India’s gay rights movement has existed since at least 1994, when the first public protest to demand gay rights was held outside the New Delhi police headquarters. But it’s never reached the level of a mass movement, and politicians have largely remained silent on the topic, even when the Delhi High Court ruled in 2009 that gay sex was no longer a crime between consenting adults.
The decision of the Supreme Court on Dec. 11 to strike down that 2009 ruling and revert to a colonial-era law that criminalizes homosexuality – and protests in response across India – has changed the political calculus for several of India’s top leaders.

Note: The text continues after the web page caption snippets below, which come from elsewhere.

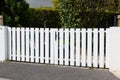 Classic slats white aluminum home gate portal of suburbs door house Royalty Free Stock Photo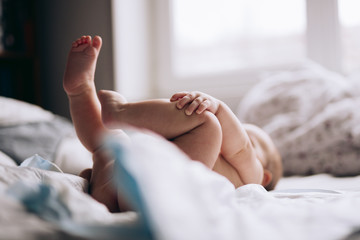 Infant Baby on bed. Nude naked legs feet and bud. Free space. Baby infant care. Inside. No face. 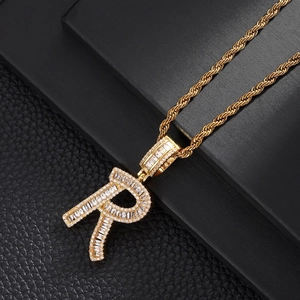 Detailed close-up of golden letter R pendant with sparkling baguette and round zircons
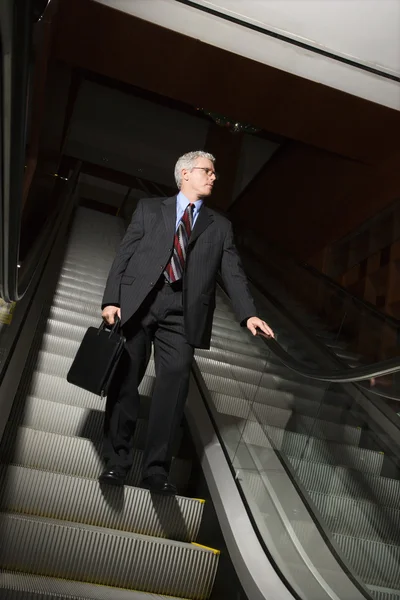 Businessman on escalator. — Stock Photo, Image
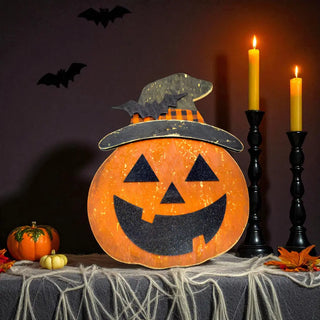 Halloween-themed decoration with a jack-o'-lantern, candles, and pumpkins on a dark background.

In a first, Sonia Gandhi, the president of the ruling Congress party and the most powerful politician in India over the past two decades, said parliament should take up gay rights – a shift from 2009 when the Congress Party was relatively silent on the Delhi Court ruling. Last Friday the government asked the Supreme Court to review the decision.

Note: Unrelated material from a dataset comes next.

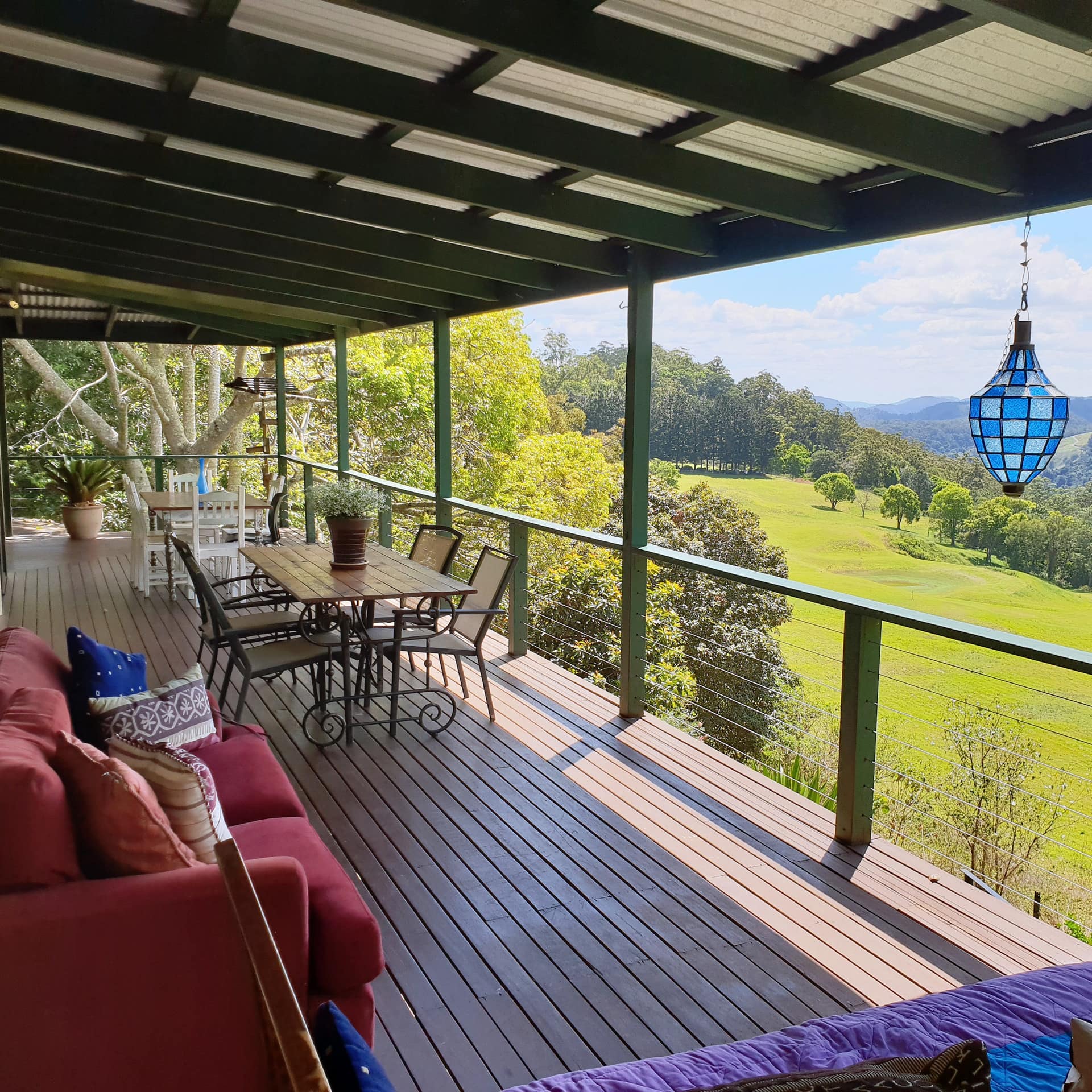 Covered verandah with wood floors, wood dining set, red sofa, and panoramic views of rambling hills and trees.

“We are proud that our culture has always been an inclusive and tolerant one,” Ms. Gandhi said in a written statement. “I hope that parliament will address this issue and uphold the constitutional guarantee of life and liberty of all citizens of India.”
Other politicians who have previously been silent on gay rights voiced their support, including the finance minister and the law minister, Kapil Sibal, who told reporters that, “In this 21st century, we must move with the times. We should not jeopardize those relationships and consider those as criminal activities.”
Gay rights activists are taking the newly vocal support from politicians as a sign that there’s “No Going Back” from the 2009 ruling that they saw as a landmark liberation. Activists using that slogan have protested across India, and organized a “Global Day of Rage” in more than 40 cities in India and abroad shortly after the ruling.
“We always knew we had to politicize our battle. But we never realized it would become a mainstream issue. The rest of society is beginning to see what this is about,” says Mumbai-based activist Ashok Row Kavi, founder of the Humsafar Trust, a support group for gay men.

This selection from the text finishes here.